**Material provided:**
[Start of section]

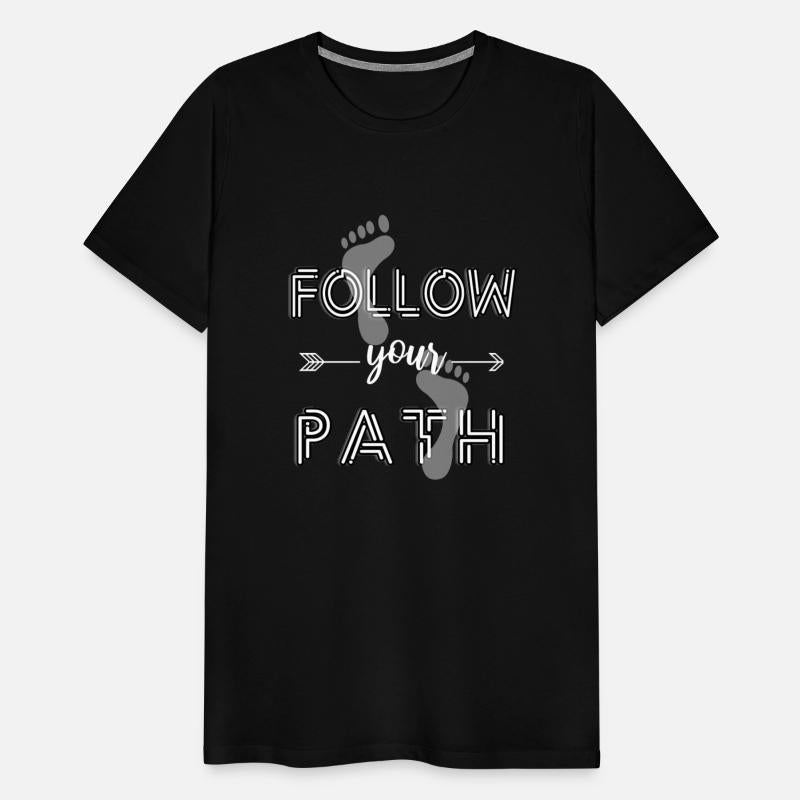 Follow your path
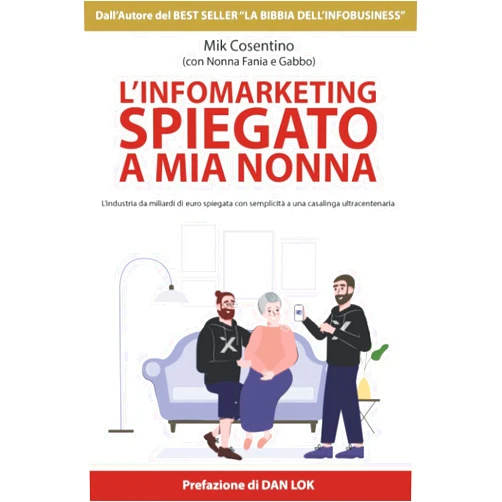 Mik Cosentino L'Infomarketing spiegato a mia nonna: L’industria da miliardi di euro spiegato con semplicità a una casalinga ultracentenaria (Italian Edition)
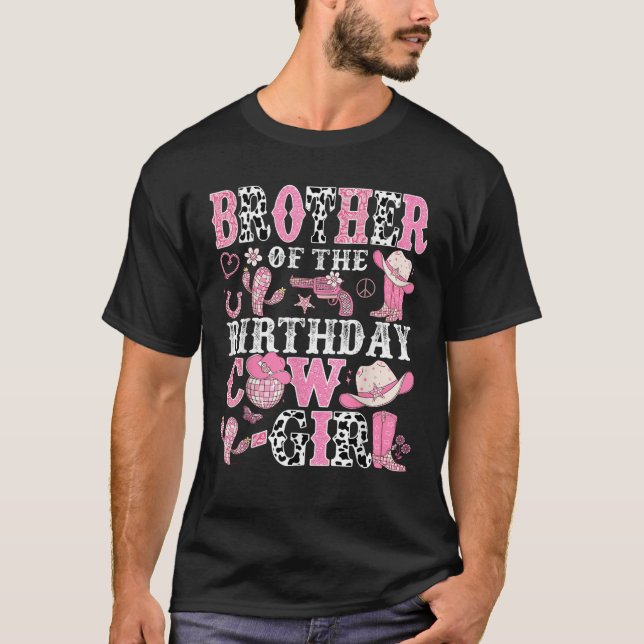 Brother Of The Birthday Cow Girl Rodeo CowGirl Bir T-Shirt (Front)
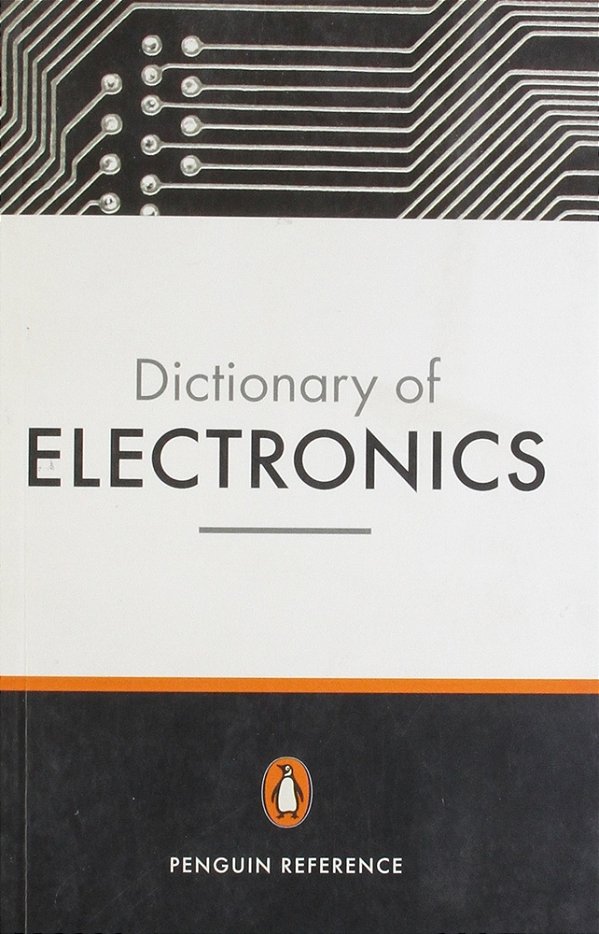 The Penguin Dictionary Of Electronics - Fourth Edition-..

[End of section]

**Exercise:**
Your task is to quote exactly the lines from the one with "Brother Of The" through the end of the material, both included, without reproducing any pictures.

**Output below:**
 Brother Of The Birthday Cow Girl Rodeo CowGirl Bir T-Shirt (Front)
 The Penguin Dictionary Of Electronics - Fourth Edition-..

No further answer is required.